Art Museums in Our Smaller Cities

BY ROBERT W. DE FOREST,

Vice-President and Secretary, Metropolitan Museum of Art;
President, American Federation of Arts.

Address at Third Annual Convention of The American Federation of Arts, Washington, D. C., May 9, 1912.

Some five years ago I received a letter from Mr. Andrew Carnegie which, as I recall, read somewhat as follows:

"DEAR MR. DE FOREST:

"I offer a prize for a suggestion of the best philanthropic use to which I can put the sum of $5,000,000-something definite and useful. Will you compete? I am sending a similar letter to several other friends."

I ought to say, parenthetically, that I made several suggestions to Mr. Carnegie for the use of that $5,000,000, that none of my suggestions, so far as I know, have ever been carried out, and that I did not receive the prize. I know, however, that my efforts in Mr. Carnegie's behalf, and in behalf of that $5,000,000, were appreciated, because I had a very kind acknowledgment of my letter from him, and I have no doubt that somebody else proposed something which seemed to Mr. Carnegie more useful or more in line with his inclinations.

One of my suggestions related to the establishment of small art museums, and here it is just as I wrote it to Mr. Carnegie:

"Small art galleries, distinctly intended to remain small art galleries and to perform an educational rather than an æsthetic function in our smaller cities in which the establishment of large art galleries is unlikely and possibly unnecessary. The donor's contribution might be an appropriate building, the cost of which might run anywhere from fifty to one hundred thousand dollars, and an art collection, largely of reproductions and photographs, to cost, say, fifty thousand dollars. The land might be included in the gift or might be exacted as a condition of the gift.

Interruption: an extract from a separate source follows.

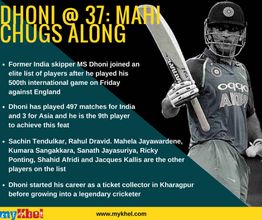 37వ పడిలోకి ధోని: ట్విట్టర్‌లో పుట్టిన రోజు శుభాకాంక్షల వెల్లువ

"An essential feature of such a plan would be an agreement on the part of the city or of a body of citizens to meet maintenance, which is analogous to the agreement which you have been accustomed

to make in the case of libraries. Another essential would be an efficient body of trustees, independent of the city government, but in which the city should be represented ex-officio by its mayor or some other officers.

"Many years ago you joined me, if I remember right, in visiting the first small museum of this kind in America, located at Norwich, Connecticut, and there are other small museums in the country but they have usually been evolved out of the private collection of some citizen, who has generally had more money than artistic taste, and they have not as a rule become serious educational factors. Such museums should have an intimate and useful relation to the public schools and educational institutions of the city in which they are located and they should also have an intimate relation to your libraries, as furnishing object lessons and material for object teaching.

"Reproductive processes have so far advanced in the last few years that many of the best things in art can be shown in the form of reproductions at modest cost. The bronze reproductions of statuary, Roman implements and the like from the Naples Museum; electrotype reproductions of silverware, jewelry and other forms of art in metal; high grade and large sized permanent photographic reproductions of paintings and drawings, and also reproductions in color of great artistic beauty, can now be obtained; all this quite aside from plaster casts, which we are using at the Metropolitan and which they have used so excellently in Pittsburgh.

"I should think, at a maximum initial cost of two hundred thousand dollars apiece, such museums could be established in many American cities and could furnish practical education for artisans as well as æsthetic education for art classes, including the school children.

"The industrial arts, so called, should have an equal place with the fine arts, so called, in such museums, particularly where they are located in an industrial community. Such a plan of giving would involve careful advance investigation, because each gift, to be effective, would require sympathetic co-operation with city authori ties and with a small body of citizens, who would have to be selected to administer it."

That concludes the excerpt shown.